Communicating and Linking
Question
answer to the following discussion questions.
Discussion Question #1: Kaplan and Norton describe the second step of the strategic management process as “Communicating and Linking.” This step allows managers to communicate their strategy up and down the organization while linking that strategy to departmental and individual objectives. Discuss the three activities that balanced scorecard users generally engage in to align employees’ individual performances with the organization’s overall strategy. Do you feel that individual performance metrics in most organizations focus on short-term more than long-term goals? If so, does this have a negative or positive impact on the overall organization? Explain your answer and provide a real-world example.
Discussion Question #2: The authors discuss a disconnect between most firm’s vision for the future and the execution of day-to-day actions of both employees and executives. To address this issue, the 25 executives at Metro Bank had to “clarify the meaning of the strategy statement.” Clarifying the strategy statement was the groundwork for creating a balanced scorecard. Do you think that your company’s mission is clear and that it is being executed in an efficient way? Discuss in what way(s) your company would benefit from clarifying the mission statement. If you feel it is clear already, have executives balanced the focus on strategic as well as financial objectives?
Discussion Question #3: Kaplan and Norton explain that in order to create a successful strategic management system, it is important that companies engage in strategic learning. What do they mean by “strategic learning?” Use a real-world example in your explanation. Explain the difference between “single-loop” learning and “double-loop” learning. The article discusses how budget reviews and other financially-based tools do not facilitate double-loop learning because they generally only use a single perspective. Can you think of ways management can use double-loop learning to manage the performance of the firm’s strategic objectives? The authors warn against managers not taking disconfirming evidence seriously. What is disconfirming evidence and why is it important? Give a real-world example.

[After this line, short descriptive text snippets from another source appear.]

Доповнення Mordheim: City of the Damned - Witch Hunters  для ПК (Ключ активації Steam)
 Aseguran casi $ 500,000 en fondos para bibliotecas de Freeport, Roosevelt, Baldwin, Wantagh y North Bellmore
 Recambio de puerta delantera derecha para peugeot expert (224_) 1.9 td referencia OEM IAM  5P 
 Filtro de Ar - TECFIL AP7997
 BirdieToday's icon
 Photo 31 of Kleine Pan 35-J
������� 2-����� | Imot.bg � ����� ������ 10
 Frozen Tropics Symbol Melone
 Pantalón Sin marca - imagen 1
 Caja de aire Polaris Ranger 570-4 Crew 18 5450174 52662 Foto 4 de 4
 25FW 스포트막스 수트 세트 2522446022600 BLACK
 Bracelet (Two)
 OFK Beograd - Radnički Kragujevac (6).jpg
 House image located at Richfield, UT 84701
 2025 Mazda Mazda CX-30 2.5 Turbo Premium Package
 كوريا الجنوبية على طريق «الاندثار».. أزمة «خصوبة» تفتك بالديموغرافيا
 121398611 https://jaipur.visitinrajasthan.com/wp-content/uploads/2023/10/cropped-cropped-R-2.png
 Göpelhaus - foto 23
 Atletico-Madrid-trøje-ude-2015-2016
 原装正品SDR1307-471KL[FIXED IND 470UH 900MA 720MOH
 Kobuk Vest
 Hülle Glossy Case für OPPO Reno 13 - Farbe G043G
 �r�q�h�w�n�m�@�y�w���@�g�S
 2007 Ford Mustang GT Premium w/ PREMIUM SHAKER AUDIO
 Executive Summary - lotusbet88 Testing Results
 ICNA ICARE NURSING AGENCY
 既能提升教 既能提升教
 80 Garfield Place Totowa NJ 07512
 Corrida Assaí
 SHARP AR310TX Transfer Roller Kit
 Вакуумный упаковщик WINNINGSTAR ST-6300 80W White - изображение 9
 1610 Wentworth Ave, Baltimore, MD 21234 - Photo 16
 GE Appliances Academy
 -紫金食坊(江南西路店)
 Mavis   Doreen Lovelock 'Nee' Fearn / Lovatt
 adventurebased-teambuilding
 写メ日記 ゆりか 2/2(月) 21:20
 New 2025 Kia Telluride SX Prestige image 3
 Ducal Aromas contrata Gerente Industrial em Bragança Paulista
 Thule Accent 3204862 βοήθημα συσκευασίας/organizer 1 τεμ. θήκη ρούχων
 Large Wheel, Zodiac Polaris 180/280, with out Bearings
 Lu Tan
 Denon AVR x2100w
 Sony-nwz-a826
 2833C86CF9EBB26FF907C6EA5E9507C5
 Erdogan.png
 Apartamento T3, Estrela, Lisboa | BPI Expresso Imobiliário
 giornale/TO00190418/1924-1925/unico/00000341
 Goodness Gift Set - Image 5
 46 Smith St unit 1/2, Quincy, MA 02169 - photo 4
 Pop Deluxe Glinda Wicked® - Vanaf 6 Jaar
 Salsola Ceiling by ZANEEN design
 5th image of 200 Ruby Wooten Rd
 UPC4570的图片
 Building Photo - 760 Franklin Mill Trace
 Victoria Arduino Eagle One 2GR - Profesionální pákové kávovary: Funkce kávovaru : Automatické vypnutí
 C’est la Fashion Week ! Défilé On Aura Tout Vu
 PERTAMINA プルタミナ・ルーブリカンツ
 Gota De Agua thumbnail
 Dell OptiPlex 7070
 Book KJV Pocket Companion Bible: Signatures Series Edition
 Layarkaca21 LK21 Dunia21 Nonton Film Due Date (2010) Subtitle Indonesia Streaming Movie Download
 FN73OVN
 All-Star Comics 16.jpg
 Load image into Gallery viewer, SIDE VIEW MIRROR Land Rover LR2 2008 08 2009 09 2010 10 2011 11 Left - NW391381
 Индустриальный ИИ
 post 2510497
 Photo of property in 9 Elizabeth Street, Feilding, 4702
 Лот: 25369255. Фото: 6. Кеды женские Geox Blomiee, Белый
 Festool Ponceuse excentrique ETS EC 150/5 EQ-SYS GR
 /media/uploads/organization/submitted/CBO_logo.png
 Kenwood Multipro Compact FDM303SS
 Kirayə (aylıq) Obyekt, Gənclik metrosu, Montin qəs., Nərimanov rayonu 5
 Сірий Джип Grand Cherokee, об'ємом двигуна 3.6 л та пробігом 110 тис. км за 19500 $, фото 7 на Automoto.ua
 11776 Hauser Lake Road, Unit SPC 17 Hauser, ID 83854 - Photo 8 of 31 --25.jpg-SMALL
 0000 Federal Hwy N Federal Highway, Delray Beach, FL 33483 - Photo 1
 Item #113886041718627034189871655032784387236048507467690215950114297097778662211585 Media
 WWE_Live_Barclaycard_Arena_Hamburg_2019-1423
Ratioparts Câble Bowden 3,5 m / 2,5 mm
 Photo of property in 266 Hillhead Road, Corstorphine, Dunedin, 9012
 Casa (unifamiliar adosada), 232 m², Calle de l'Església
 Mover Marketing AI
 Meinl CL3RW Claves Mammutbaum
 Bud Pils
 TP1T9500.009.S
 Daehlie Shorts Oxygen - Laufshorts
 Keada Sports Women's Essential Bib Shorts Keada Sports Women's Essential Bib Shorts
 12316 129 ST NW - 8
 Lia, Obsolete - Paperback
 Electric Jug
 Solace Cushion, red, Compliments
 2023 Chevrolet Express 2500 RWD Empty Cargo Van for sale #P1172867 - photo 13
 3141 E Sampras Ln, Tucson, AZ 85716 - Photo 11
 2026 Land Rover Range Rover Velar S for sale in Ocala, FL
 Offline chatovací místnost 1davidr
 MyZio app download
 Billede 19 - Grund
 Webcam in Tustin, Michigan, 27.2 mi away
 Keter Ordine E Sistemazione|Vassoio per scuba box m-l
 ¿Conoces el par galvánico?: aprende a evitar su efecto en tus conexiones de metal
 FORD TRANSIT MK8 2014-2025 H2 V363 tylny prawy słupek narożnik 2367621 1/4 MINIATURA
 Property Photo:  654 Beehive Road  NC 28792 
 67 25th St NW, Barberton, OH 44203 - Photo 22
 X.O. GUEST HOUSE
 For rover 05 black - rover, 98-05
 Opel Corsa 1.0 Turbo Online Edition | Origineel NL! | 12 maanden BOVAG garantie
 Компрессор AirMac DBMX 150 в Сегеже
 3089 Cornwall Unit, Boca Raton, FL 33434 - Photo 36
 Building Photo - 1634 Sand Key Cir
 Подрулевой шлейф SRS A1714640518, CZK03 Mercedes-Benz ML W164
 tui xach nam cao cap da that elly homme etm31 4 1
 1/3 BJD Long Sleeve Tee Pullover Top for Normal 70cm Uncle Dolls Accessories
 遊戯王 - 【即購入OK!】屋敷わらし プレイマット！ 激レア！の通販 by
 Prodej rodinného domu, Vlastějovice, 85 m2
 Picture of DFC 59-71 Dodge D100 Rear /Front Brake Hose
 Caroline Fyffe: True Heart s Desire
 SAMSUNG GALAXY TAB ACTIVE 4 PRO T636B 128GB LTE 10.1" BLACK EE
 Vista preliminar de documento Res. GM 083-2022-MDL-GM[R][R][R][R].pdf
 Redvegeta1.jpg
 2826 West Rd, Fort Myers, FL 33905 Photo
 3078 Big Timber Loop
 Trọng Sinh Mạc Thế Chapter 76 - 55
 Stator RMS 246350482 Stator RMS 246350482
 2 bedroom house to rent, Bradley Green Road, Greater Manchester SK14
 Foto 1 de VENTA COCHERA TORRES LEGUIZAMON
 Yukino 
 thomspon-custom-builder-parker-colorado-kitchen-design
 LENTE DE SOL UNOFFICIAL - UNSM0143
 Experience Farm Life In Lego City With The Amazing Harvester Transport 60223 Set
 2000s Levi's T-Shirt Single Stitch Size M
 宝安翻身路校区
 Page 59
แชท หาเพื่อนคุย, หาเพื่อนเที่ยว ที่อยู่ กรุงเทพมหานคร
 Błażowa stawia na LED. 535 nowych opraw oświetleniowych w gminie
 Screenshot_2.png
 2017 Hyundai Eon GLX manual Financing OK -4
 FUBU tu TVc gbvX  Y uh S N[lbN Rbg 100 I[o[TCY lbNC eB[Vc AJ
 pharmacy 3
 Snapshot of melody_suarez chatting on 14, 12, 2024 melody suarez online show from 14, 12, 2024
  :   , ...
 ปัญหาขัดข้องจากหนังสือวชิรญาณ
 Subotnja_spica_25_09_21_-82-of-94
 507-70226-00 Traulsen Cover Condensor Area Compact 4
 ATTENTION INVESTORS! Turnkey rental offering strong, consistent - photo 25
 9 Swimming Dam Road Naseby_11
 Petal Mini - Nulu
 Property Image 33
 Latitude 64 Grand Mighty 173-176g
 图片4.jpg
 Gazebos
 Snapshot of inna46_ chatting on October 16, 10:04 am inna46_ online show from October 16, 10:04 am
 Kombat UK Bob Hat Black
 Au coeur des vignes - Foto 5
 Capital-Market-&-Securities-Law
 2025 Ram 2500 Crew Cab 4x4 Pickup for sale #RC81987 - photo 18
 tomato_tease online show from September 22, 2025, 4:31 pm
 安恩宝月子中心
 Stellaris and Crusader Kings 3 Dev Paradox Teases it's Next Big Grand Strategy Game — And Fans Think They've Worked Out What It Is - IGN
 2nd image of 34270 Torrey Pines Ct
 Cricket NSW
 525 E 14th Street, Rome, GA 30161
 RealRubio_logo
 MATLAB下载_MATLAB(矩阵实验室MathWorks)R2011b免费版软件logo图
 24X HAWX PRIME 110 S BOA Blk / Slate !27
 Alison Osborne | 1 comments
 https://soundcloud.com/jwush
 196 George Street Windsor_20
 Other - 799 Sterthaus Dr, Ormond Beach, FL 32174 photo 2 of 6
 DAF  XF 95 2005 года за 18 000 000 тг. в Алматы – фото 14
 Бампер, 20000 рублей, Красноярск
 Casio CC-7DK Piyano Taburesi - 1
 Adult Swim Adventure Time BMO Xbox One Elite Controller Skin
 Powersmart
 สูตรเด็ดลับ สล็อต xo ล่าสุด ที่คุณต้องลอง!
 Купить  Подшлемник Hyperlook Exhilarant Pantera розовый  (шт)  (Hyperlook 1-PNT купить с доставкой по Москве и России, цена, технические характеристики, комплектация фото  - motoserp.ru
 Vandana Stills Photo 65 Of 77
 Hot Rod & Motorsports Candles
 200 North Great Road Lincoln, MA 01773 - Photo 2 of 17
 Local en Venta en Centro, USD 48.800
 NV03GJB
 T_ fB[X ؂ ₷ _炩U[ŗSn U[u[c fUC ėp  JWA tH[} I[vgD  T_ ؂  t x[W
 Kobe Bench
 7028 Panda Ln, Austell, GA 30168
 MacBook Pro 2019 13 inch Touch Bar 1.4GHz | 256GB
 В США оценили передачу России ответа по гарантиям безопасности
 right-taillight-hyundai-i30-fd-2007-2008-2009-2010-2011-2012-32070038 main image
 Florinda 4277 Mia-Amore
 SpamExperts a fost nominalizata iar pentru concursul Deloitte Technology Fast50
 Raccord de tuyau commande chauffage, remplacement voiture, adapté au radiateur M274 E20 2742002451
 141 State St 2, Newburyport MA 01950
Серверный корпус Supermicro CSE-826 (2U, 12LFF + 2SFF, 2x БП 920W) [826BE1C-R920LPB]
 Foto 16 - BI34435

Discussion Question #4: The article discusses the differences between “intangible” and “tangible” assets. Is one more important than the other? Is one more likely to give a firm a sustainable competitive advantage? What recent social, economic, or political changes have led to this? Discuss and provide the rationale for your answer, and in doing so, be sure to provide some real-world examples of how firms have used their tangible and/or intangible assets to develop a sustainable competitive advantage.